§ **TASK PROMPT**
Look below for the line with "孜孜不倦为客户提供测评答案？太平洋证券收年内首罚-第3张图片-旅游攻略网" and the line with "Fragrantica image 5". Copy exactly those two lines and every line between, but not the pictures.

§ **DATA EXCERPTS**
──────
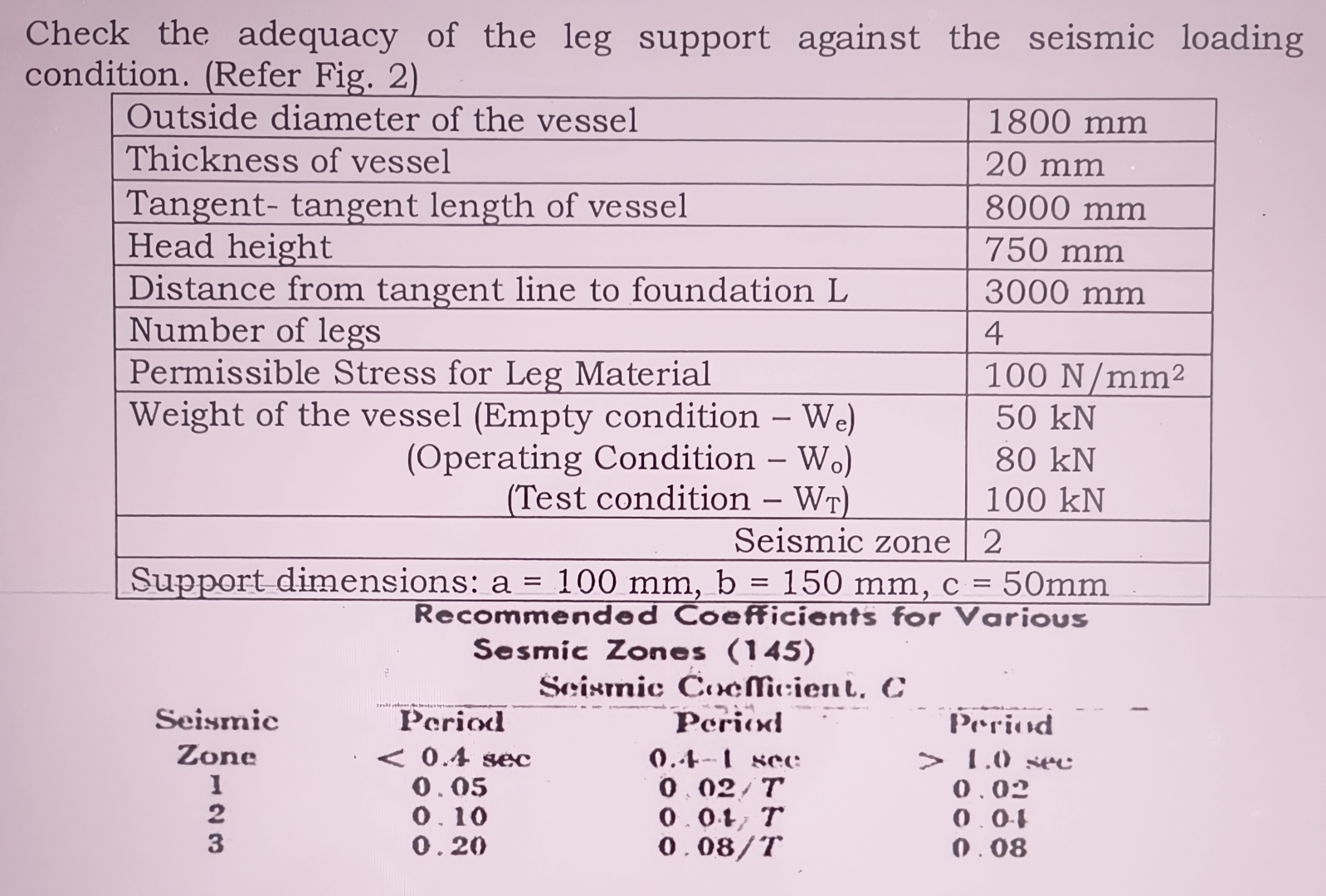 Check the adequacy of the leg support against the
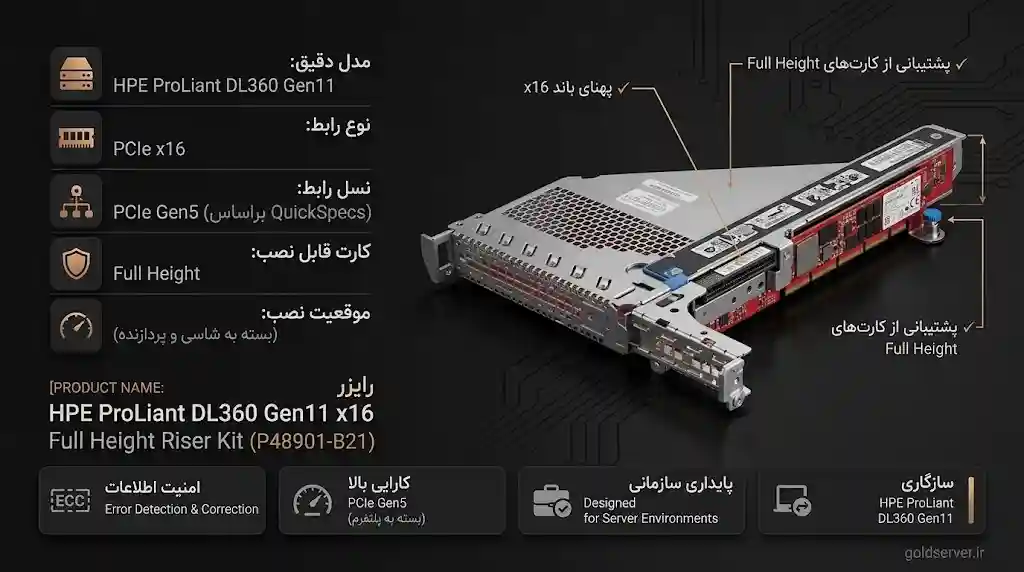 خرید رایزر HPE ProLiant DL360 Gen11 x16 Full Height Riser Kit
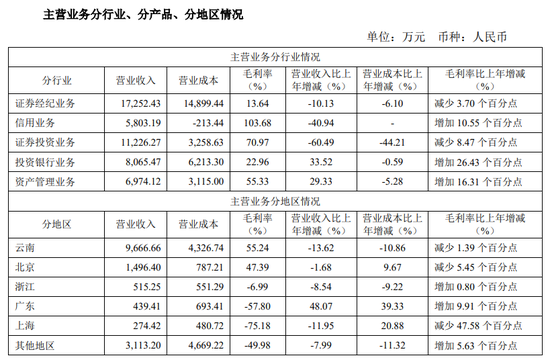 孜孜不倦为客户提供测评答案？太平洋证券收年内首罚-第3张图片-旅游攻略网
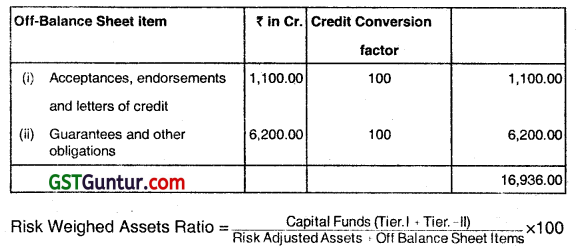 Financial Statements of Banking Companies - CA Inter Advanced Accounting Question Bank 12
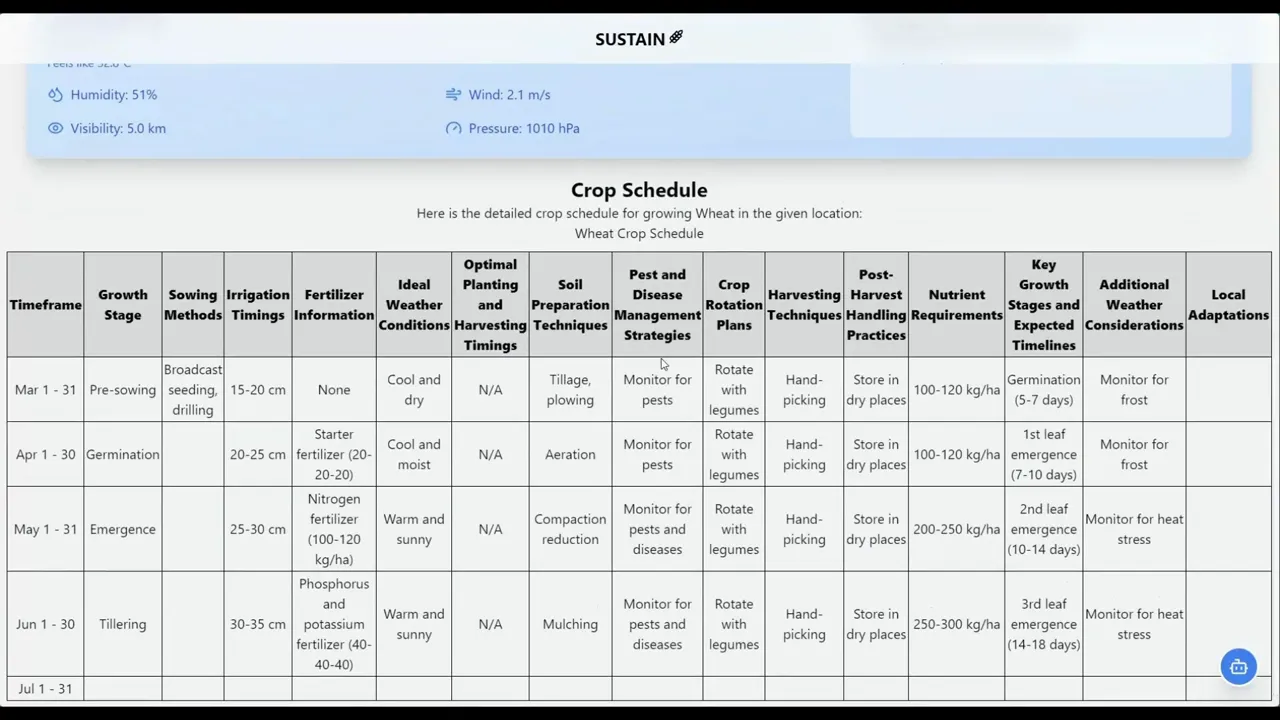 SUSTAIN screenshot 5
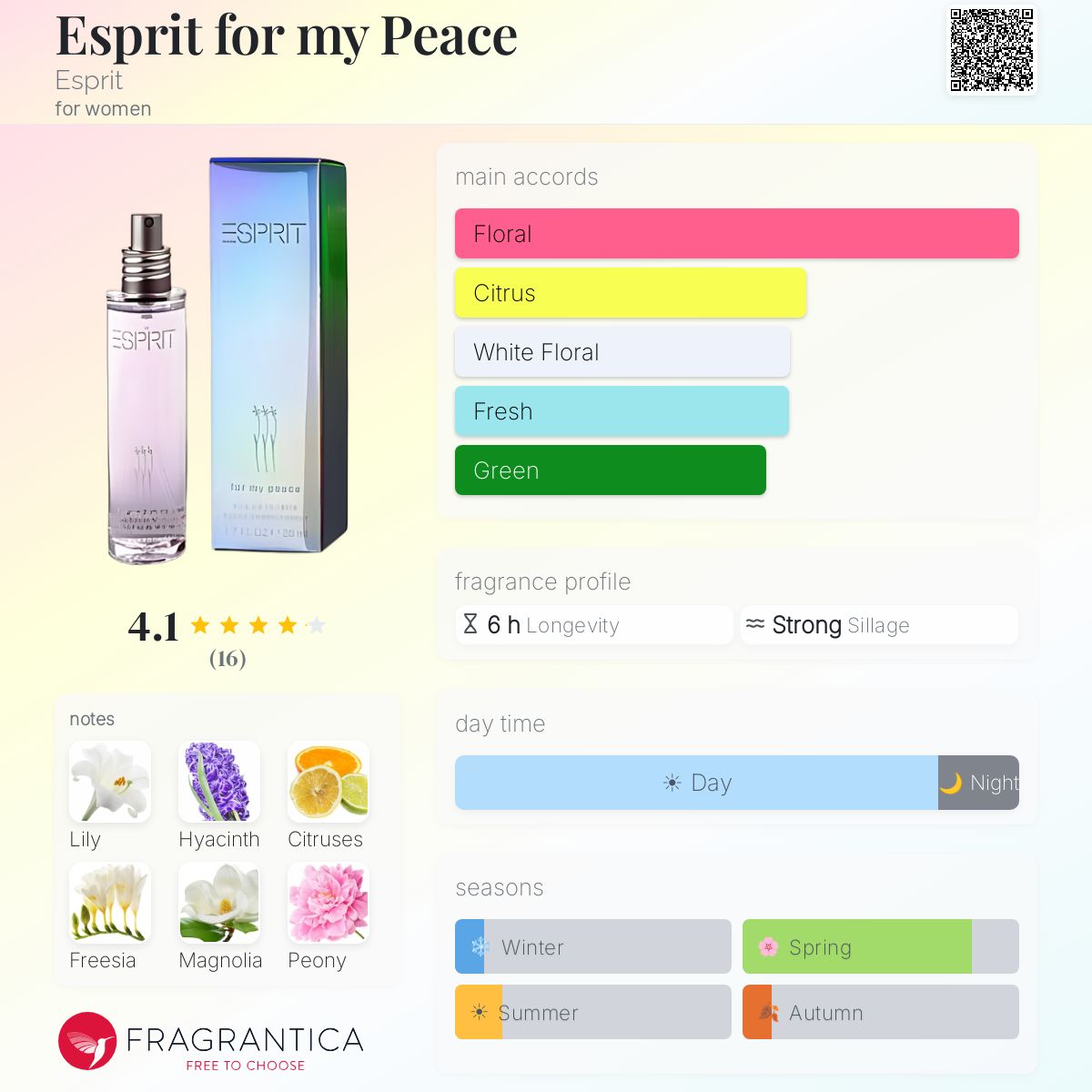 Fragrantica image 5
──────
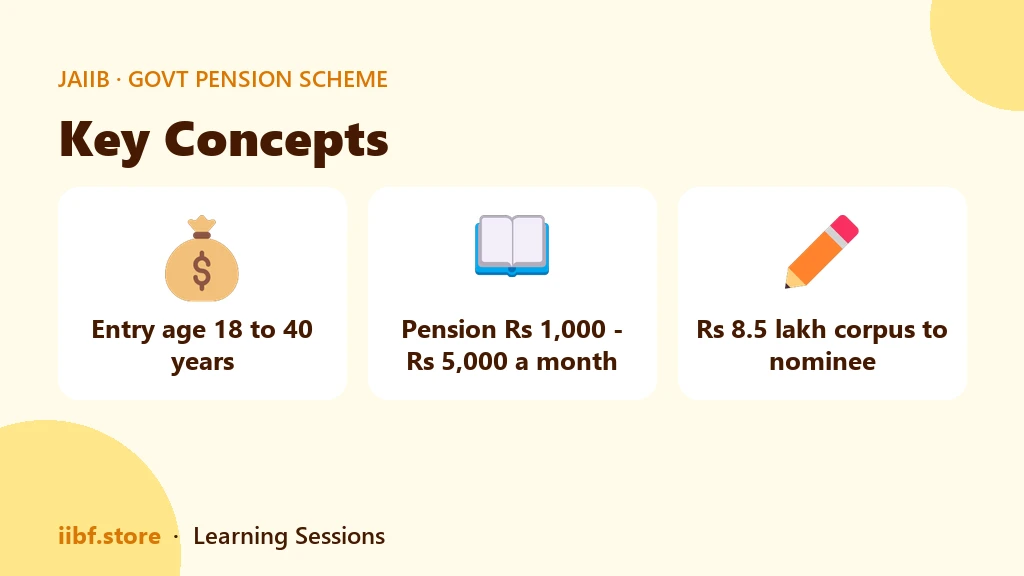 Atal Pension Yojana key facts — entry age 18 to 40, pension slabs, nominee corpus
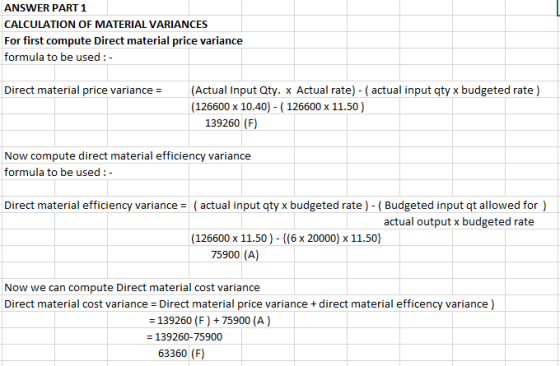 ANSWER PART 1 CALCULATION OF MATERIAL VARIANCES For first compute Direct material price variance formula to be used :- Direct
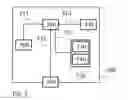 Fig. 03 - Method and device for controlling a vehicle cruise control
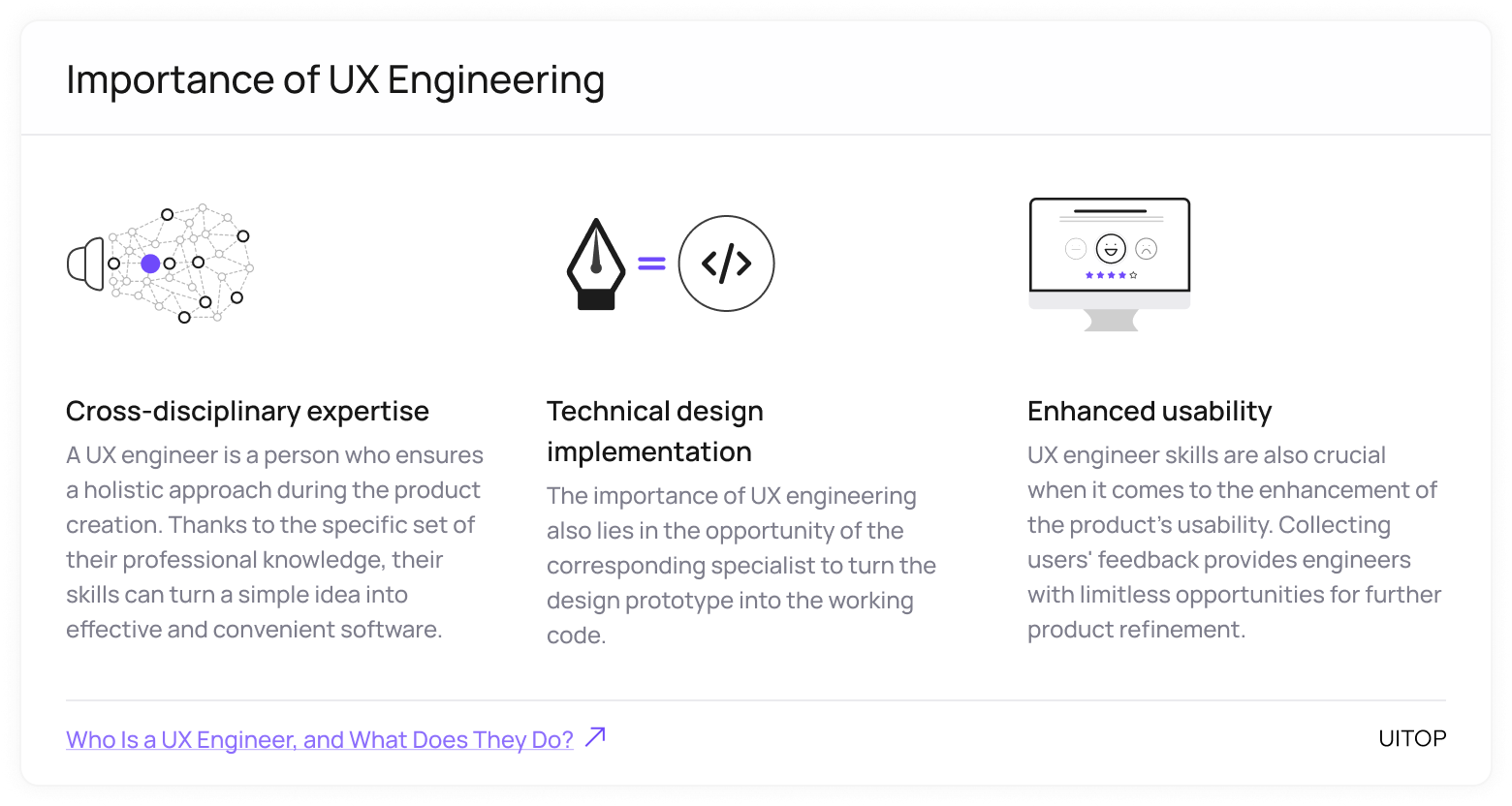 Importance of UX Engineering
──────
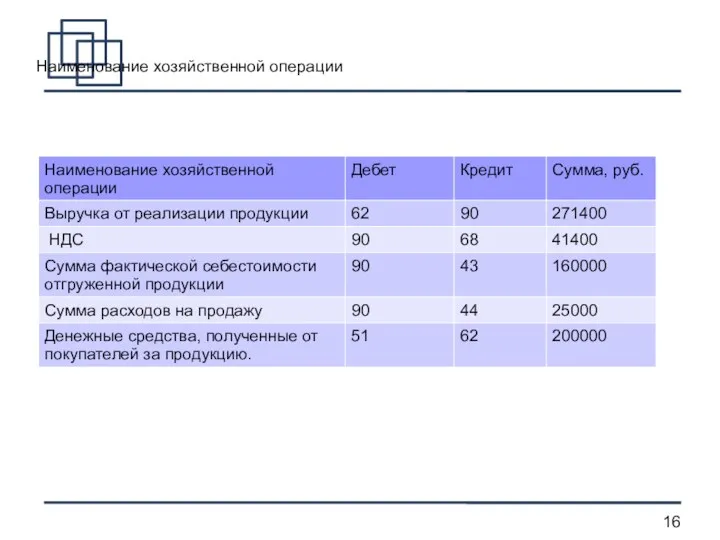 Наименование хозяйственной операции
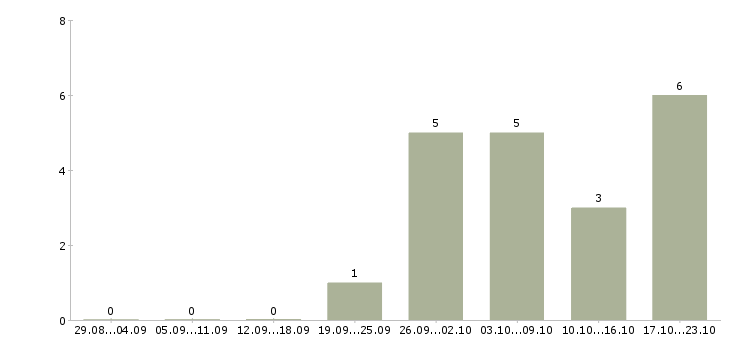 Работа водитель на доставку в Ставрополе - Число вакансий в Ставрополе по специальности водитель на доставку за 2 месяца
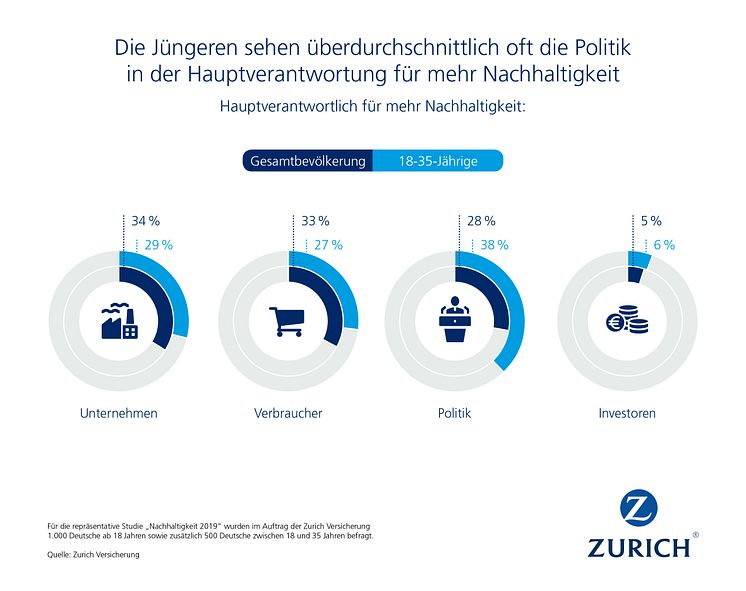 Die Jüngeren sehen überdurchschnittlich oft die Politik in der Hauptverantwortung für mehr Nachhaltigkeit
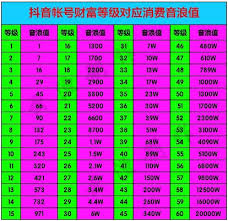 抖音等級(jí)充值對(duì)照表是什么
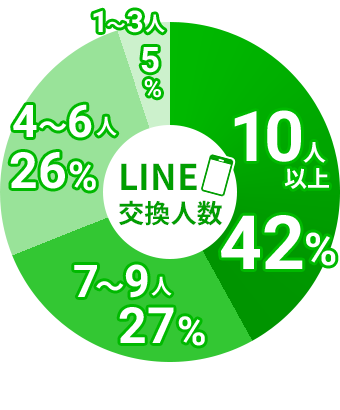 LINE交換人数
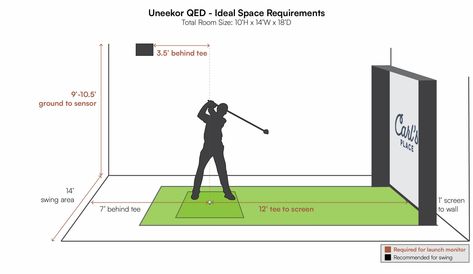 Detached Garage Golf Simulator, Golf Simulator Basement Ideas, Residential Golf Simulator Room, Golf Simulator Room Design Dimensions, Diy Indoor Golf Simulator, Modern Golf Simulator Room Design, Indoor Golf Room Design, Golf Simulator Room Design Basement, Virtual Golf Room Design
──────
§ **YOUR RESPONSE**
 孜孜不倦为客户提供测评答案？太平洋证券收年内首罚-第3张图片-旅游攻略网
 Financial Statements of Banking Companies - CA Inter Advanced Accounting Question Bank 12
 SUSTAIN screenshot 5
 Fragrantica image 5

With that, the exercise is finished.